Yeah, that's a pretty impressive resume.
By the way, Cook finished his career with 1,148 points, 15th-best all-time at Princeton. His teammate and fellow senior, Spencer Weiz, finished in 12th place, with 1,241 points. That's two of the top 15 scorers in program history.
They also rank fifth (Weisz) and ninth (Cook) in career three-pointers made. Weisz had 209, while Cook had 156. That's, let's see, 365 three-pointers between them.
Extra credit if you can name the four players who have made more three-pointers in their career at Princeton than Weisz. The answer will be at the end.
Add their point totals together, and you get 2,389. That's 114 shy of the total that Bill Bradley had by himself, in three seasons, without a three-point shot. That's extraordinary.

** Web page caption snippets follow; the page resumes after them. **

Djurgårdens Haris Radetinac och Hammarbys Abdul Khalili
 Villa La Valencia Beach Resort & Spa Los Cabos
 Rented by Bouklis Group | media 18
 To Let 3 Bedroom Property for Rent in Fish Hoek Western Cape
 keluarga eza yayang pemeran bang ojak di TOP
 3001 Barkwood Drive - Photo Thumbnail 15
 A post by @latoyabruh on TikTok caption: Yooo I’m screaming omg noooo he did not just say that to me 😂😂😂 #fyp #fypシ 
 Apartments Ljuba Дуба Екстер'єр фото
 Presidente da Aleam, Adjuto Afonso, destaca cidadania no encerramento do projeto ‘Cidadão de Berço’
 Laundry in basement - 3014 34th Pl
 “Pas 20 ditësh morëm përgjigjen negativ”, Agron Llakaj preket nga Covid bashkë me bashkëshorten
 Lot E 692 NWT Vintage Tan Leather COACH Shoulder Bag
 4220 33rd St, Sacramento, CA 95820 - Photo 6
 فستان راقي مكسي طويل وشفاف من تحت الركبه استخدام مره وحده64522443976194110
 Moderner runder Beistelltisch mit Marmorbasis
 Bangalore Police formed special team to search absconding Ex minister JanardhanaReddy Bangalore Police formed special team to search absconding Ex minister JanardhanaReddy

If you saw Bradley play, did you sense when he graduated that he was putting up numbers that nobody would ever approach?
As for the other good guys, Princeton had two baseball players - Zack Belski and Chad Powers - among the 30 nominees in all of Division I for the 2017 Senior Class Award.
You can read about them HERE.
Belski and Powers helped Princeton to the 2016 Ivy title and NCAA tournament. They start their defense of that title this weekend, when the Tigers open Ivy League play at home against Yale Saturday and Brown Sunday.
And the answer to the question?
That would be Brian Earl (281), Douglas Davis (276), Sean Jackson (235) and Gabe Lewullis (212).